The most remarkable monument of the town is the medieval Dominican church and monastery, bearing memories from almost all eras of Vasvár. The complex now serves partly profane and partly sacred purposes, as it is a museum and an accommodation for pilgrims. Apart from the collection of the Dominican order the museum also harbours a county history exhibition and the heritage of the sculptor Richárd Török.
The cemetery church built also on medieval foundations is also worth a visit, as it offers a magnificent sight onto the plains of the Rába river. The so called Piece House, which originally was the office of the capitulum of Vasvár, the legend says that the Peace Treaty of Vasvár was signed in this house 1664.
Vasvár is one of the most well-known pilgrimage sites, even today several thousand people visit the votive statue of the parish church, the cemetery church and the spring in the beautiful surroundings of the Szentkút on the name day of Virgin Mary. In the vicinity of the Szentkút there is an open-air stage, the Rowing-Lake and the Szentkút Spa.

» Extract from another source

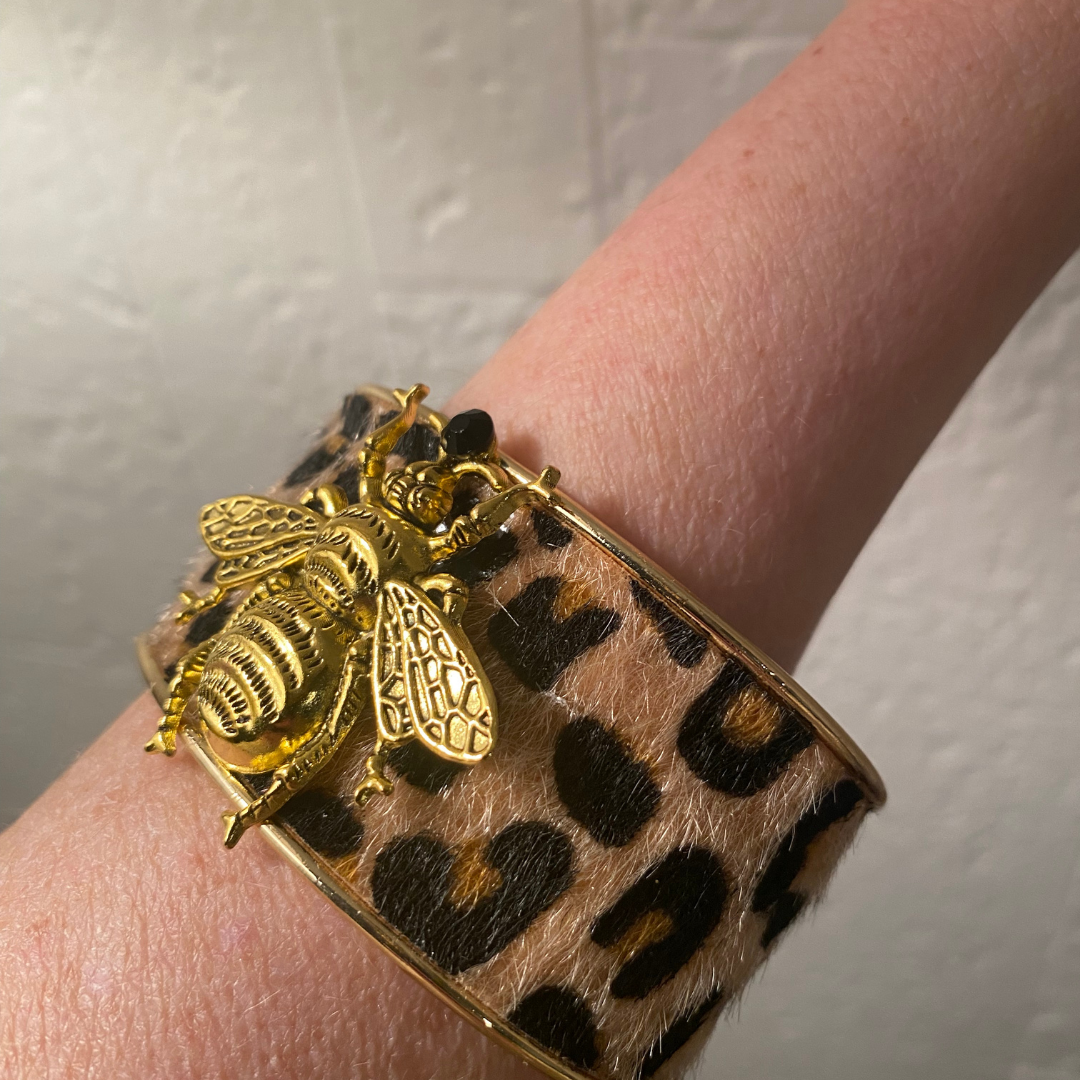 Anthologie, Co. - Wholesale Cuff Bracelet - Queen Bee Cuff Bracelet - Bee Embellished Bracelet11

The town offers several cultural delights as well: one of the most prominent events are the Hegyhát Days in August. The new scenery of the multi-hued cultural life is the Community House, inaugurated 2006. Tourists visiting the town can choose from a wide range of places of accommodation.
The Roman, or Vasvár entrenchment is closely related to the past of the settlement. The remnants of the early Hungarian border protection system can still be traced down between Vasvár and Győrvár; its reconstructed part, the Vaskapu, and he surrounding park forest are a special sight.
There is a large information sign on the main road 76 leading from Zalaegerszeg to Vasvár only a few hundred metres from the town of Vasvár to indicate the Road of Soldiers and the Vasvár Entrenchment.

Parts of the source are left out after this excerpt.